An official in the Mexican attorney general's office said a supervisor and five agents are thought to have passed tips to smugglers in the west-central state of Sinaloa for about three months.
The official, briefing reporters on condition of anonymity, said the men disclosed details about evidence that had been seized during government raids and information about arrestees. He said authorities were looking into possible involvement by other employees of the agency, known as SIEDO by its initials in Spanish.
SIEDO, which investigates drug and arms smuggling as well as kidnapping and terrorism cases, is well known and generally trusted by American law-enforcement agencies.
Its agents have helped U.S. authorities build cases against Mexican drug suspects, such as members of the Tijuana-based Arellano Felix gang, by sharing intelligence and granting access to Mexican witnesses and their statements.
Confirmation that SIEDO was infiltrated by drug traffickers would be a black eye for the 400-member agency and for President Felipe Calderon's 20-month-old offensive against organized crime.
Mexico is awaiting $400 million in U.S. crime-fighting aid as the first installment in what the two nations describe as a stepped-up joint push to combat the flow of illegal drugs into the United States.
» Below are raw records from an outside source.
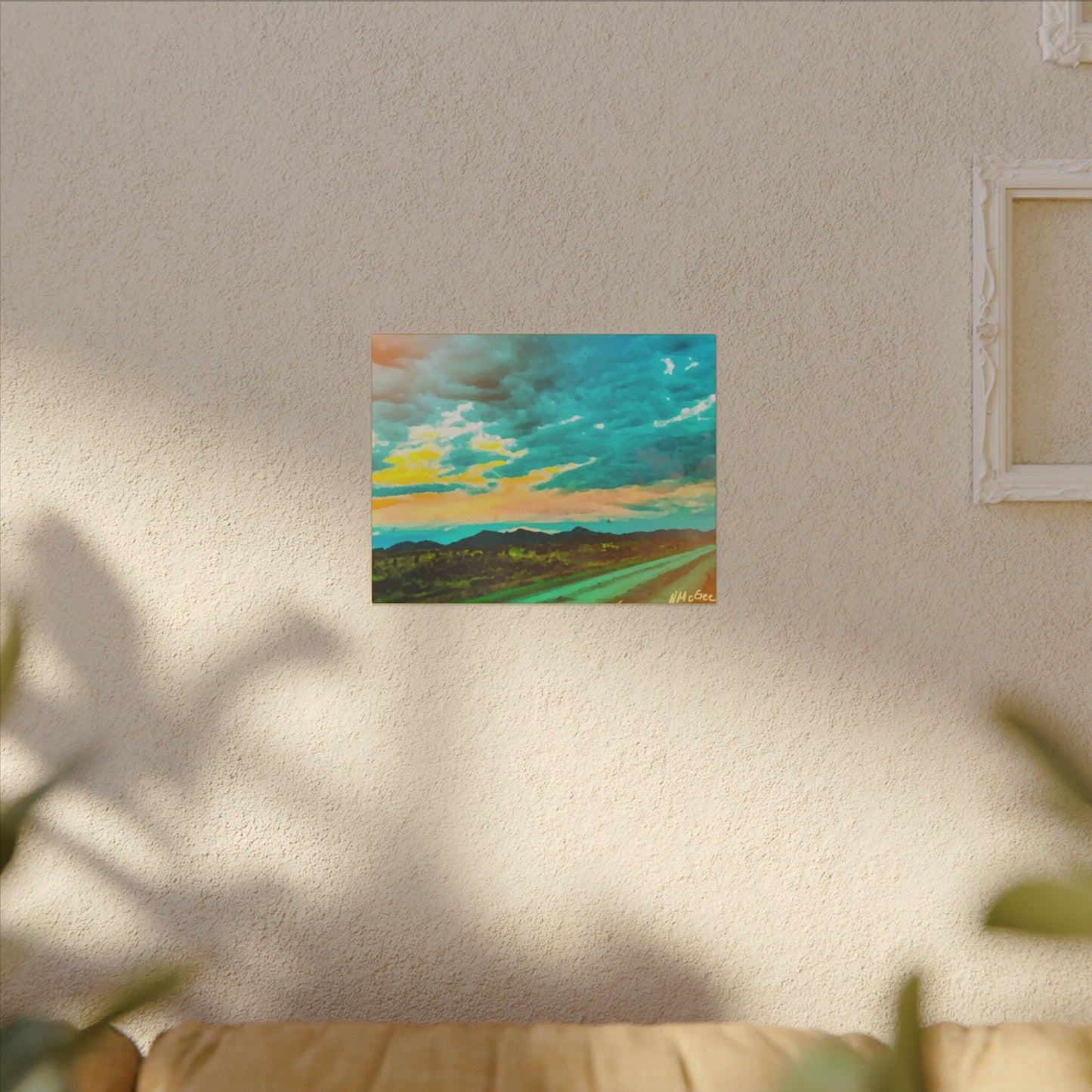 Canvas Wrap Wyoming Landscape, Nature, America, Western, Artwork, Wall Art, Print, Mountains, Gift, Sky, Colorful, Clouds, Sunset, Eco
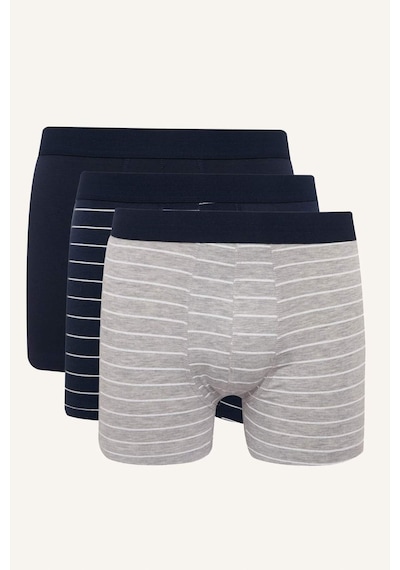 Defacto Regular Fıt Çizgili 3lü Boxer Set H4415ax26spnv135 Lacivert-nv135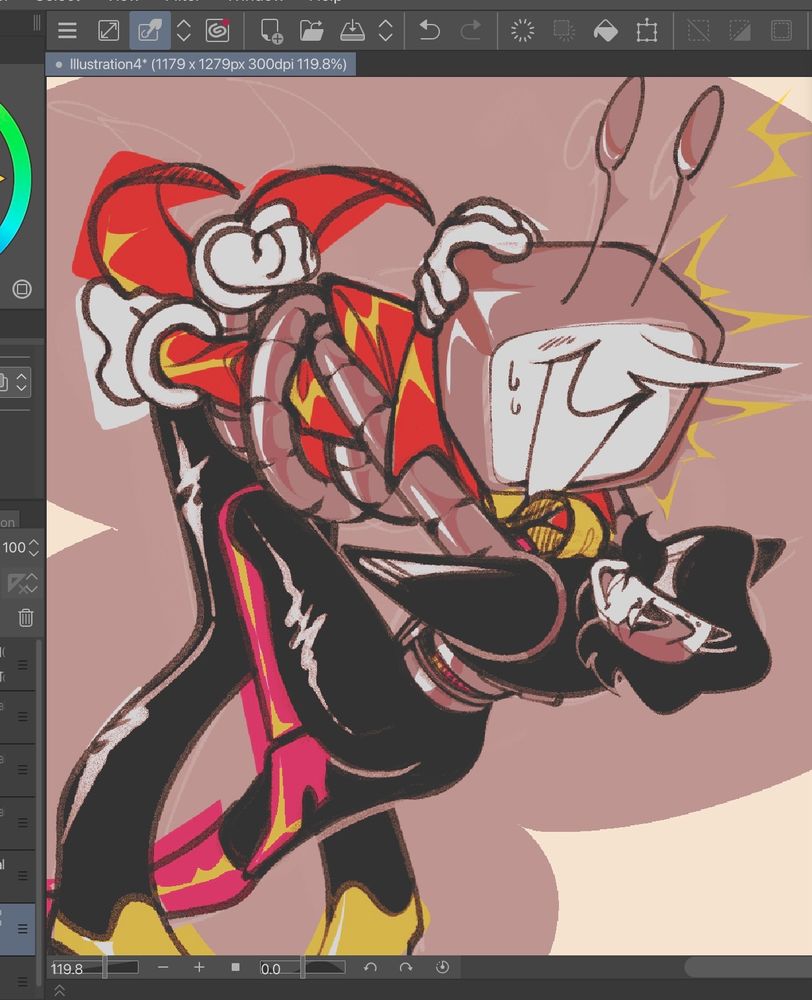 A digital drawing of Mr. Tenna canted over, wrapped up in both of Mettaton's arms and being pulled down while Mettaton grins up at him; a hand pets the back of his TV head coyly.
Deputy Atty. Gen. Noe Ramirez Mandujano resigned as SIEDO's chief two weeks ago as part of a shake-up that appeared tied to public anger over a persistent wave of kidnappings. The attorney general's office said the resignation was not tied to the current investigation. Previous efforts by Mexico to battle crime through highly touted specialized police units have fallen victim to suspected corruption. SIEDO's predecessor within the attorney general's office, an anti-drug agency known as FEADS, was shut down in 2003 after half a dozen of its agents were arrested on suspicion they were helping drug traffickers.
In the latest episode, authorities said they arrested SIEDO's technical coordinator, Miguel Angel Colorado Gonzalez, and five agents assigned to the agency by Mexico's equivalent of the FBI.
The men, though not privy to the most sensitive investigative details, had access to information about arrest orders and the timing of searches, and about the agency's security arrangements.
The attorney general's office said the six were arrested after an investigation that began months ago into possible leaks to the news media. A judge ordered the suspects detained for 40 days as the investigation advances.
The men allegedly provided tips to a Sinaloa trafficking gang led by the Beltran Leyva brothers.
The gang, once part of a loose alliance of Sinaloa smugglers known as the Federation, has been involved in a bloody fight with another leading Sinaloa trafficker, Joaquin "Shorty" Guzman, one of Mexico's most wanted fugitives. That feud has sparked months of slayings that have left more than 400 people dead in Sinaloa so far this year, according to government figures.
The Beltran Leyva faction is suspected by authorities of carrying out the assassination in May of the acting federal police chief, Edgar Millan Gomez, at his home in Mexico City.